Ottemperanza al giudicato e poteri del commissario ad acta nella carta docente (TAR Campania n. 307 del 16.01.2026)
Principi di diritto (Massima)
Nel giudizio di ottemperanza il ricorso è accolto quando risultino integrati i presupposti dell’art. 114 cod. proc. amm., ovvero la mancata impugnazione del titolo esecutivo, attestata da certificazione di cancelleria, e l’inutile decorso del termine dilatorio di cui all’art. 14, co. 1, decreto-legge n. 669/1996. Il giudice amministrativo ordina all’amministrazione di dare esecuzione al giudicato nel termine fissato e nomina, per l’ipotesi di ulteriore inottemperanza, il commissario ad acta. Il munus di ausiliario del giudice è intrinsecamente obbligatorio: non può essere rifiutato né inciso da disposizioni interne all’amministrazione di appartenenza. Alla parte che ha agito per l’esecuzione spetta la penalità di mora di cui all’art. 114, co. 4, lett. e), cod. proc. amm., commisurata agli interessi legali.
Il Fatto
La ricorrente, docente, aveva ottenuto dal Tribunale di Napoli, sezione lavoro, una sentenza che condannava il Ministero dell’istruzione e del merito a mettere a sua disposizione la Carta elettronica per l’aggiornamento e la formazione del docente, dell’importo nominale annuo di 500,00 euro, per gli anni scolastici dal 2018/2019 al 2021/2022.
Il titolo era stato notificato all’amministrazione e non era stato impugnato, come attestato da certificazione di cancelleria. Poiché il Ministero persisteva nell’inadempimento, la ricorrente ha proposto ricorso per l’esecuzione del giudicato, chiedendo l’ordine di ottemperanza, la nomina del commissario ad acta, la fissazione della penalità di mora e la condanna alle spese con distrazione.
La Motivazione della Corte
Il Collegio rileva che dalla documentazione versata in atti sussistono tutti i presupposti di cui all’art. 114 cod. proc. amm. Sotto il primo profilo, la mancata impugnazione della sentenza è attestata da apposita certificazione di cancelleria.
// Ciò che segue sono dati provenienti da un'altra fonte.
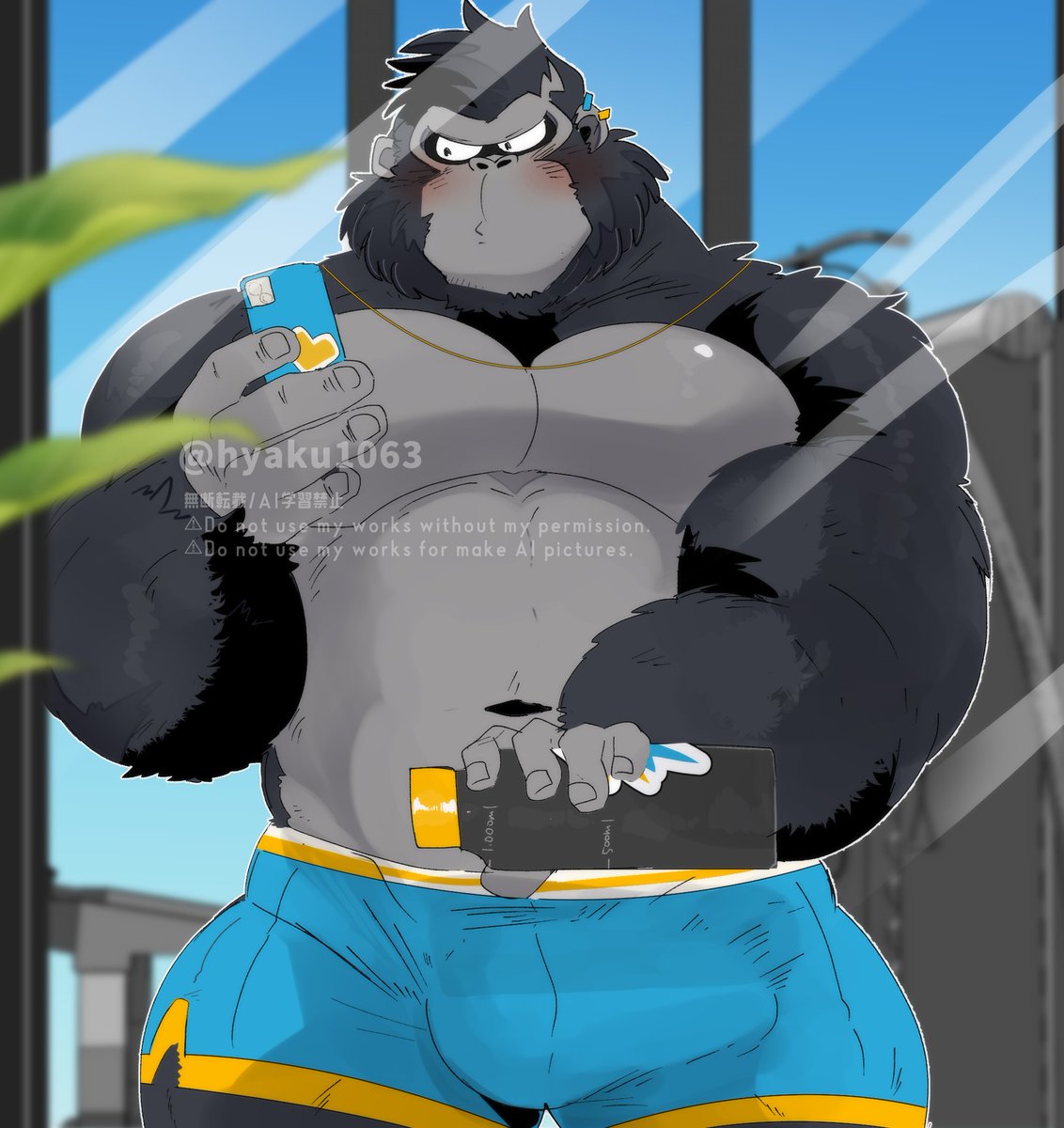 ヒャク@関西けもケM-52 tweet media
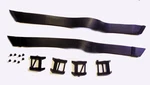 Scubapro Fin Strap & Buckle Kit Part Number 25-450-010 New Old Stock. Fixed Price $24.00.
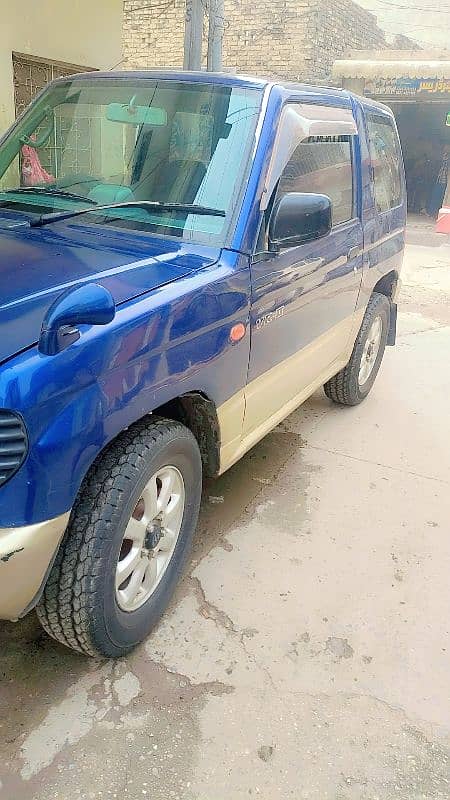 Mitsubishi Pajero Mini 2006 0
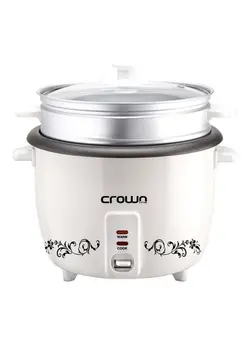 Steamer Rice Cooker 2.8 L 700 W RC-170 White/Black/Silver 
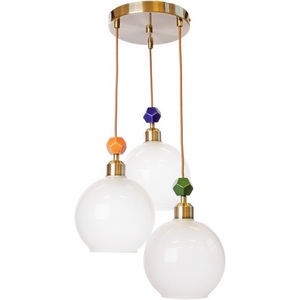 Изображение товара Подвесной светильник 33 ИДЕИ PND05AB03.01AB33.13WH.K03 (плафоны шарики)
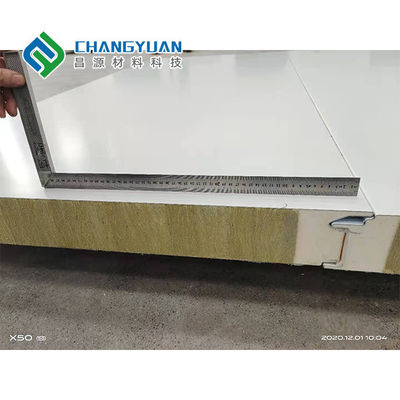 แผงผนังแซนวิช PU สังเคราะห์ OEM แผงอะคูสติกโฟมโพลียูรีเทน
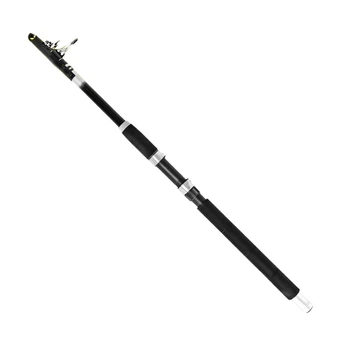Телескопічний спінінг Sam's Fish 3.6 м зі складаним кільцем, модель SF24329-3.6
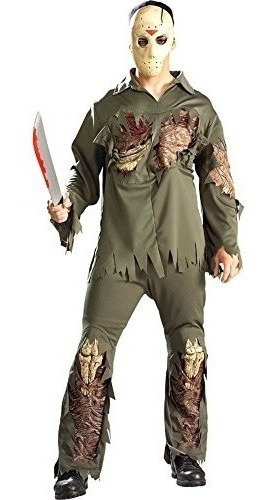 Rubies Costume Co Mens Friday El 13 Super Deluxe Jason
Sotto il secondo, è maturato l’inutile decorso del termine di cui all’art. 14, co. 1, decreto-legge n. 669/1996, convertito in legge n. 30/1997.
Il ricorso è pertanto accolto. Il giudice ordina all’amministrazione intimata di provvedere, nel termine di sessanta giorni decorrenti dalla notificazione o comunicazione della decisione, al puntuale e integrale pagamento delle rivendicate spettanze, in osservanza del dispositivo del titolo azionato.
Quanto al commissario ad acta, la sentenza precisa che il munus di ausiliario del giudice è intrinsecamente obbligatorio, sicché non può essere né rifiutato né inciso da disposizioni interne all’amministrazione di appartenenza. Sul punto il Collegio richiama il precedente del C.G.A.R.S. n. 138/2015 e l’ordinanza del TAR Campania, Napoli, Sez. VII, n. 2039/2019.
Il compenso del commissario sarà determinato con successivo decreto collegiale ai sensi del d.P.R. n. 115/2002, con riferimento all’art. 55 per l’utilizzo del mezzo proprio e all’art. 56 per le ulteriori spese. La parcella va presentata, a pena di decadenza, nei termini dell’art. 71 d.P.R. n. 115/2002, con dies a quo fissato al compimento dell’ultimo atto di esecuzione e non al deposito della relazione. Il deposito degli atti deve avvenire esclusivamente tramite PAT.
È disposto altresì il pagamento della penalità di mora in misura pari agli interessi legali sulle somme dovute, dalla comunicazione dell’ordine fino all’effettivo soddisfo o alla scadenza del termine concesso. Le spese di lite sono liquidate secondo il canone della soccombenza, in misura di 500,00 euro oltre accessori, con attribuzione ai procuratori antistatari.